Il donna le conseil à Grimaud de conduire les chevaux dans la petite rue Jean-Beausire, afin d’éveiller moins de soupçons, et lui-même, avec sa vue perçante, il guetta la sortie de d’Artagnan ou celle du carrosse.

C’était le bon parti. En effet, vingt minutes ne s’étaient pas écoulées, que la porte se rouvrit et que le carrosse reparut. Un éblouissement empêcha Raoul de distinguer quelles figures occupaient cette voiture. Grimaud jura qu’il avait vu deux personnes, et que son maître était une des deux. Porthos regardait tour à tour Raoul et Grimaud, espérant comprendre leur idée.

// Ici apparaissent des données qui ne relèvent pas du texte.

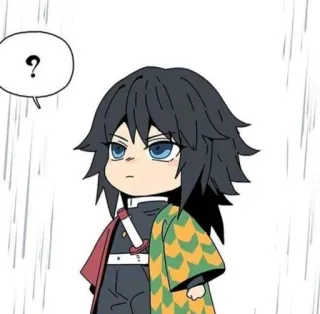 ❔ Giyu Tomioka Demon Slayer ? 动漫, 鬼灭之刃, 富冈义勇, 问题, Q版 whatsapp sticker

— Il est évident, dit Grimaud, que, si M. le comte est dans ce carrosse, c’est qu’on le met en liberté, ou qu’on le mène à une autre prison.

— Nous l’allons bien voir par le chemin qu’il prendra, dit Porthos.

— Si on le met en liberté, dit Grimaud, on le conduira chez lui.

— C’est vrai, dit Porthos.

— Le carrosse n’en prend pas le chemin, dit Raoul.

Et, en effet, les chevaux venaient de disparaître dans le faubourg Saint-Antoine.

— Courons, dit Porthos ; nous attaquerons le carrosse sur la route, et nous dirons à Athos de fuir.

— Rébellion ! murmura Raoul.

Porthos lança à Raoul un second regard, digne pendant du premier. Raoul n’y répondit qu’en serrant les flancs de son cheval.

Peu d’instants après, les trois cavaliers avaient rattrapé le carrosse et le suivaient de si près, que l’haleine des chevaux humectait la caisse de la voiture.